What follows from this way of looking at the last five years is that the military campaigns in Afghanistan and Iraq cannot be understood if they are regarded as self-contained wars in their own right. Instead we have to see them as fronts or theaters that have been opened up in the early stages of a protracted global struggle. The same thing is true of Iran. As the currently main center of the Islamofascist ideology against which we have been fighting since 9/11, and as (according to the State Department's latest annual report on the subject) the main sponsor of the terrorism that is Islamofascism's weapon of choice, Iran too is a front in World War IV. Moreover, its effort to build a nuclear arsenal makes it the potentially most dangerous one of all.
The Iranians, of course, never cease denying that they intend to build a nuclear arsenal, and yet in the same breath they openly tell us what they intend to do with it. Their first priority, as repeatedly and unequivocally announced by their president, Mahmoud Ahmadinejad, is to "wipe Israel off the map"--a feat that could not be accomplished by conventional weapons alone.
But Ahmadinejad's ambitions are not confined to the destruction of Israel. He also wishes to dominate the greater Middle East, and thereby to control the oilfields of the region and the flow of oil out of it through the Persian Gulf. If he acquired a nuclear capability, he would not even have to use it in order to put all this within his reach. Intimidation and blackmail by themselves would do the trick.

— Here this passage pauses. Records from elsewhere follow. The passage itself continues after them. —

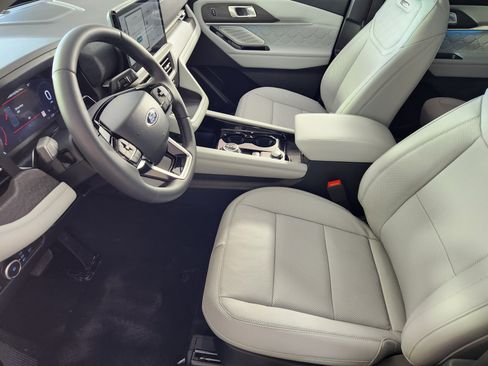 New 2026 Ford Explorer Platinum w/ LUX Leather Package AWD/4WD image 11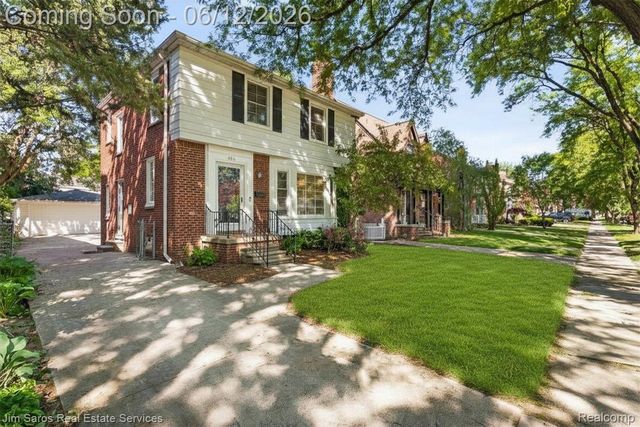 451 Moran Road, Grosse Pointe Farms, MI 48236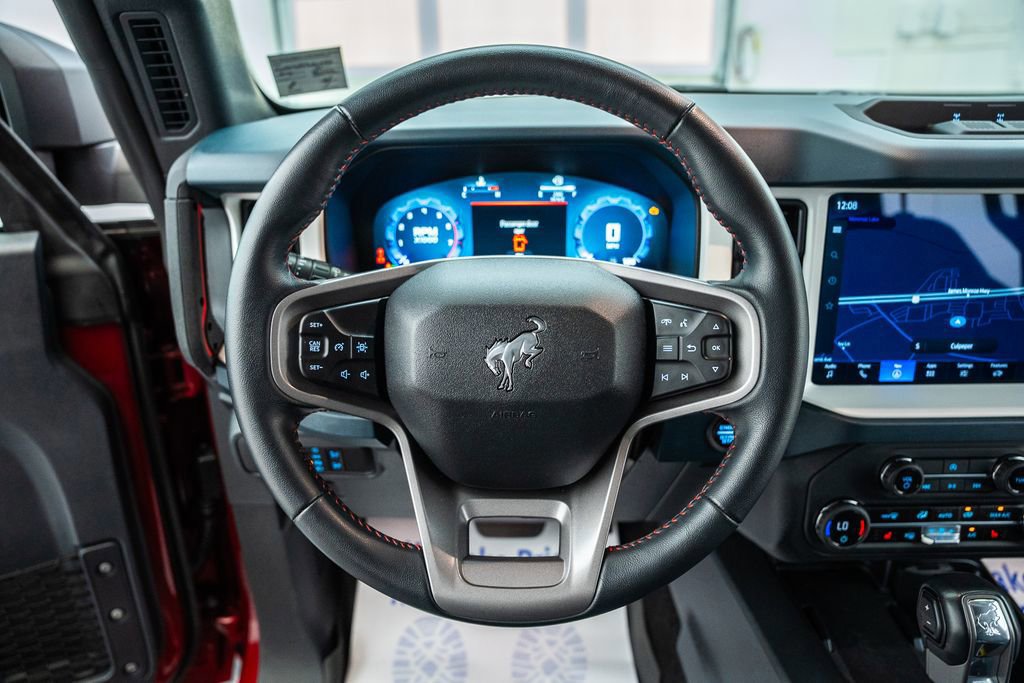 Certified 2025 Ford Bronco Heritage Edition AWD/4WD image 33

Nor are Ahmadinejad's ambitions merely regional in scope. He has a larger dream of extending the power and influence of Islam throughout Europe, and this too he hopes to accomplish by playing on the fear that resistance to Iran would lead to a nuclear war. And then, finally, comes the largest dream of all: what Ahmadinejad does not shrink from describing as "a world without America." Demented though he may be, I doubt that Ahmadinejad is so crazy as to imagine that he could wipe America off the map even if he had nuclear weapons. But what he probably does envisage is a diminution of the American will to oppose him: that is, if not a world without America, he will settle, at least in the short run, for a world without much American influence.
Not surprisingly, the old American foreign-policy establishment and many others say that these dreams are nothing more than the fantasies of a madman. They also dismiss those who think otherwise as neoconservative alarmists trying to drag this country into another senseless war that is in the interest not of the United States but only of Israel. But the irony is that Ahmadinejad's dreams are more realistic than the dismissal of those dreams as merely insane delusions.
[...] if military force is ruled out, what is supposed to do the job?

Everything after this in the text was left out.